Brief: Begin your copy at the line holding "The Great Barrier" and end it at the last line of the listing. Keep every line exact and leave out the pictures.

Provided data:
────────
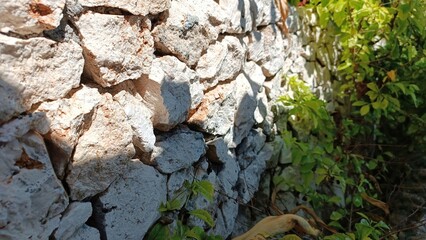 A wall made of stone with a plant growing out of it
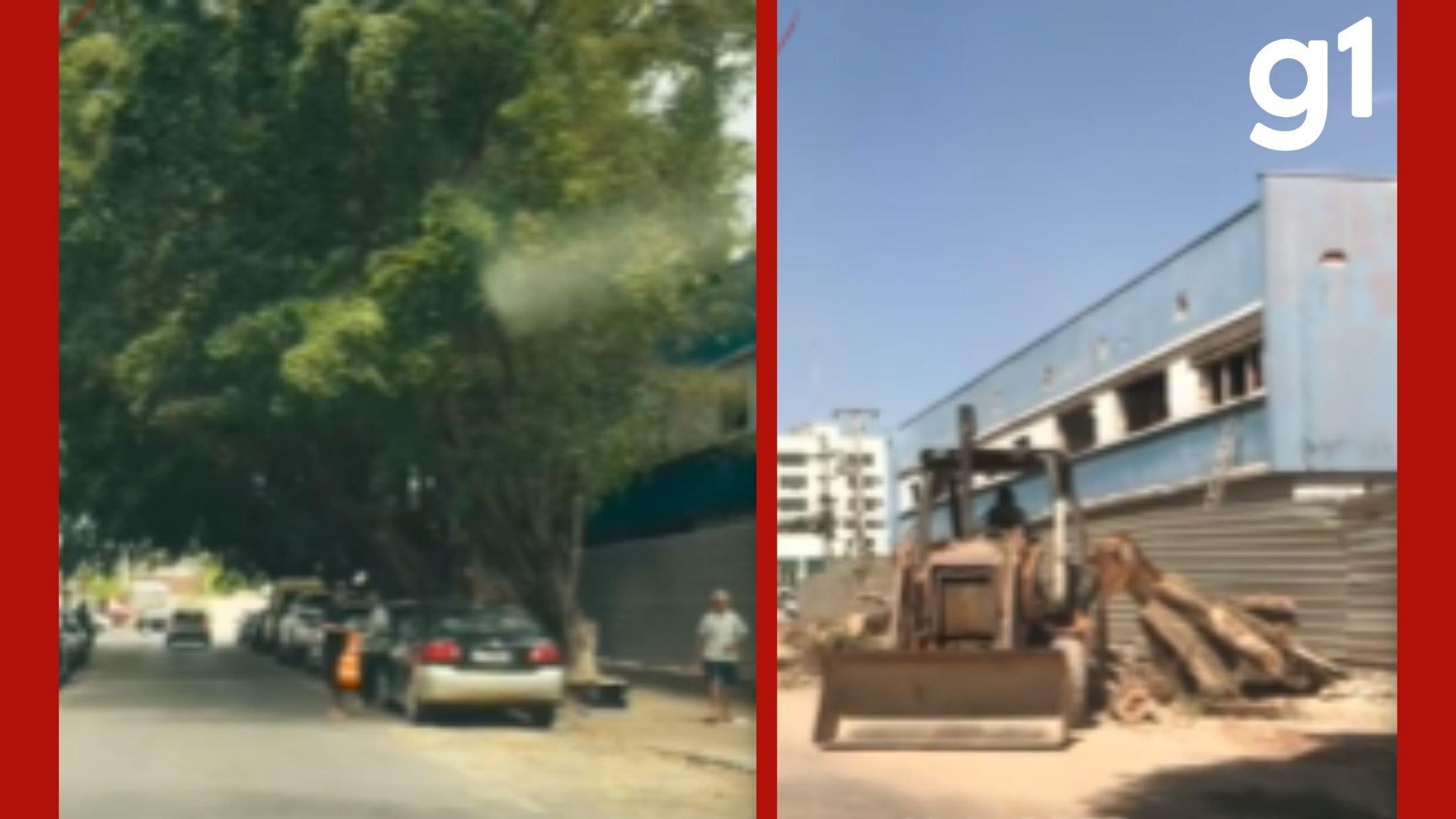 MP pede suspensão de cortes de árvores e cobra R$ 500 mil da Prefeitura de Cuiabá
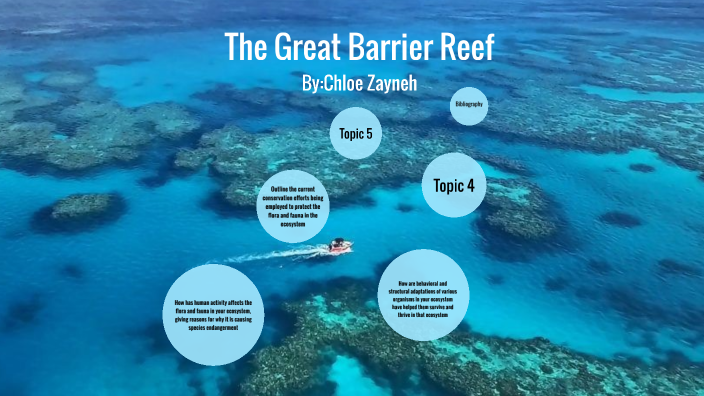 The Great Barrier Reef by Chloe Zayneh on Prezi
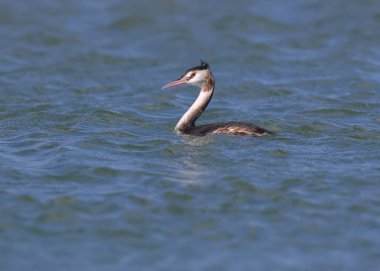 Genç büyük tepeli grebe (Podiceps cristatus) gagasında balık ile güzel mavi suda yüzer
────────
Your solution:
 The Great Barrier Reef by Chloe Zayneh on Prezi
 Genç büyük tepeli grebe (Podiceps cristatus) gagasında balık ile güzel mavi suda yüzer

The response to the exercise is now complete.